Vita Chiesa
Santa Sede su Convenzione diritti del fanciullo: «nessuna scusa per abusi»
«Tali crimini – precisa mons. Tomasi – non possono mai essere giustificati, sia se vengano commessi a casa, nelle scuole, nella comunità e nei programmi sportivi, nelle organizzazioni e strutture religiose»: è questa la politica di «lungo periodo» della Santa Sede, ha ricordato l’esponente vaticano ricordando gli atti compiuti in tal senso da Giovanni Paolo II, Benedetto XVI e Papa Francesco, che ha «chiaramente manifestato le sue intenzioni di seguire l’attenzione speciale dedicata dai suoi predecessori a questo grave problema» e ha recentemente annunciato la creazione di una Commissione per la protezione dei minori, per «proporre nuove iniziative per lo sviluppo sano dei bambini e incrementare gli sforzi per la cura pastorale delle vittime di abuso nel mondo». Di qui la collaborazione della Santa Sede con il Comitato per la Convenzione sui diritti del fanciullo, in modo da «promuovere e incoraggiare il rispetto dei diritti del bambino».
«La protezione dei bambini rimane una preoccupazione prioritaria per la società contemporanea e per la Santa Sede», afferma mons.
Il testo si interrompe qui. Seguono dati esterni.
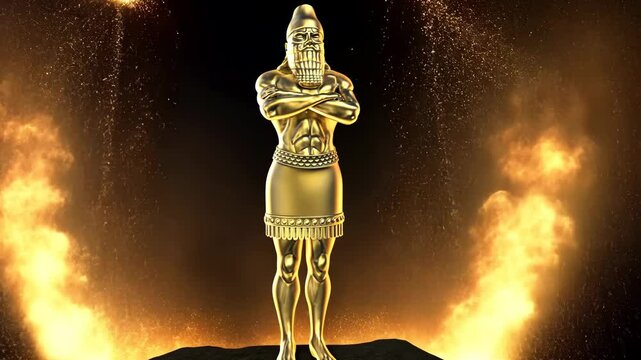 A golden statue dream of an ancient empire king with fire effects Biblical Prophecies World Empires 4K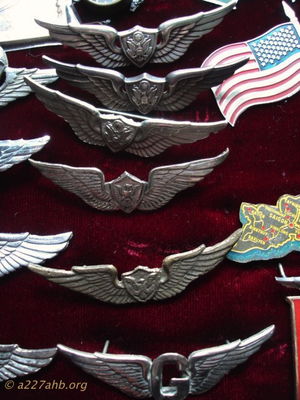  A gunner wing and crewchief wings bottom 3 up are sandcast other 3 are U.S. made sterling silver 
Dennis Burden Collection
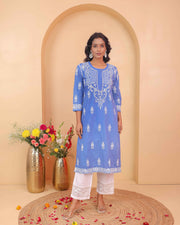Bluish Grey Cotton Chikankari Kurta for Women | Round Neck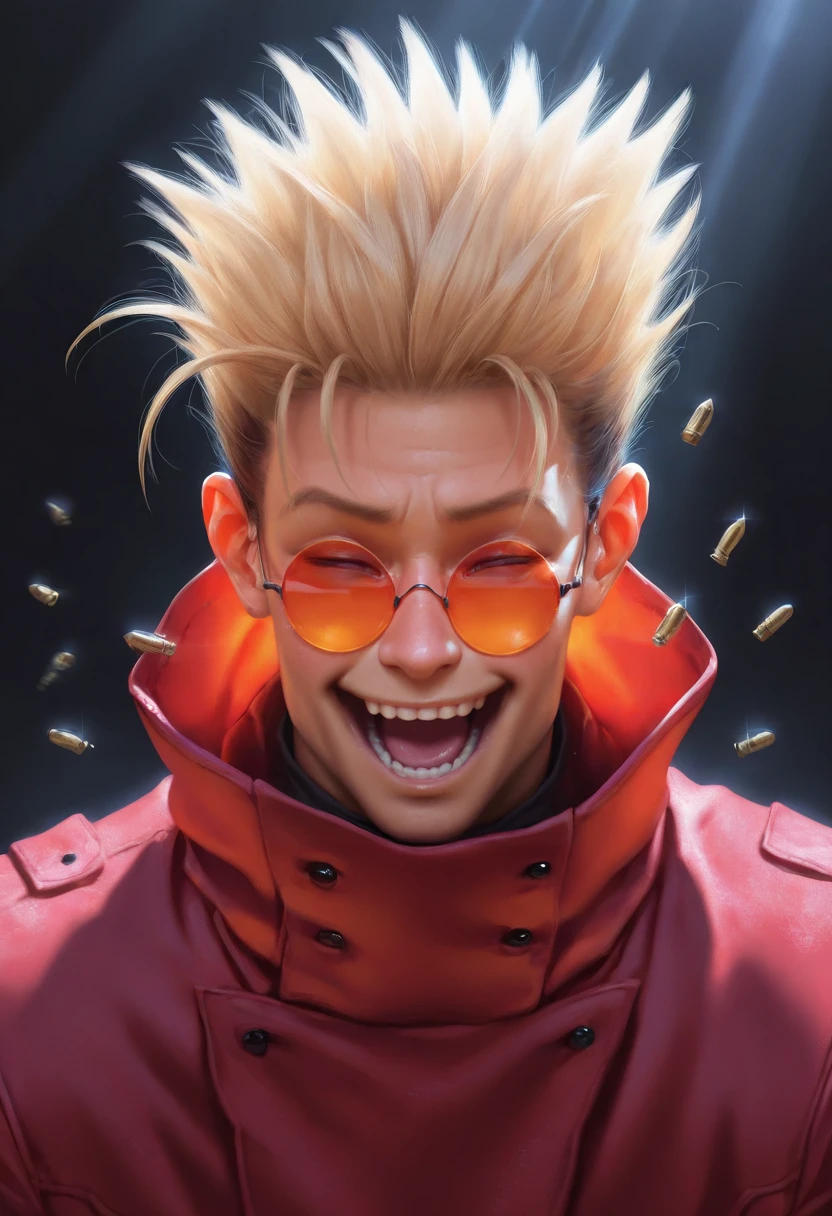, masterpiece,best quality,amazing quality, realistic, photorealistic, <lora:Vash_the_Stampede:1> 1boy, solo, VshV1, orange tinted eyewear, red coat, laughing, black background, simple background, raing of bullets, light rays,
Tomasi, ricordando che quest’ultima ha «accuratamente messo a punto politiche e procedure per aiutare ad eliminare tali abusi e collaborare con le rispettive autorità statali nel combattere questo crimine». Parallelamente, la Santa Sede «è impegnata ad ascoltare attentamente le vittime degli abusi e ad affrontare l’impatto che tali situazioni hanno sugli abusati e le loro famiglie». Tre i livelli dell’azione di contrasto della Santa Sede a piaghe come la pedofilia: l’azione nel territorio dello Stato della Città del Vaticano, dove è stata varata una «legislazione speciale» a riguardo, i protocolli internazionali ratificati e le «linee guida» per «facilitare il lavoro delle Chiese locali nello sviluppare effettive misure all’interno della loro giurisdizione e in conformità con la legislazione canonica». Le Chiese locali, da parte loro, «tenuto conto delle leggi in atto nei loro rispettivi Paesi», hanno a loro volta «sviluppato linee guida e monitorato la loro applicazione con lo scopo di prevenire ogni ulteriore abuso e di affrontarlo tempestivamente». Tutto ciò, per mons. Tomasi, rende la Chiesa cattolica «un esempio di buona pratica» nel contrasto agli abusi sessuali commessi dal clero «o da altro personale ecclesiastico».